Lagrangian and Hamiltonian structures in an integrable hierarchy and space-time duality

Jean Avan, Vincent Caudrelier, Anastasia Doikou, Anjan Kundu

Published 2015-10-05Version 1

We define and illustrate the novel notion of dual integrable hierarchies, on the example of the nonlinear Schr\"odinger (NLS) hierarchy. For each integrable nonlinear evolution equation (NLEE) in the hierarchy, dual integrable structures are characterized by the fact that the zero-curvature representation of the NLEE can be realized by two Hamiltonian formulations stemming from two inequivalent Poisson structures and two distinct Hamiltonians. This is different from the standard bi-Hamiltonian structure.

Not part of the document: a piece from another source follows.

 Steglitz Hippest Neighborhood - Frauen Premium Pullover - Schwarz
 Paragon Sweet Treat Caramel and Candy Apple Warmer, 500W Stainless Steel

One is well-known and based on the standard Poisson structure for NLS. The other one is new and based on a different Poisson structure at each level of the hierarchy, yielding the corresponding NLEE as a {\it space} evolution equation. We emphasize the role of the Lagrangian formulation as a unifying framework for deriving both Poisson structures, using ideas from covariant field theory. One of our main results is to show that the two matrices of the Lax pair satisfy the same form of ultralocal Poisson algebra (up to a sign) characterized by an $r$-matrix structure, whereas traditionally only one of them is involved in the classical $r$-matrix method. We construct explicit dual hierarchies of Hamiltonians, and Lax representations of the triggered dynamics, from the monodromy matrices of either Lax matrix. An appealing procedure to build a multi-dimensional lattice of Lax pair, through successive uses of the dual Poisson structures, is briefly introduced.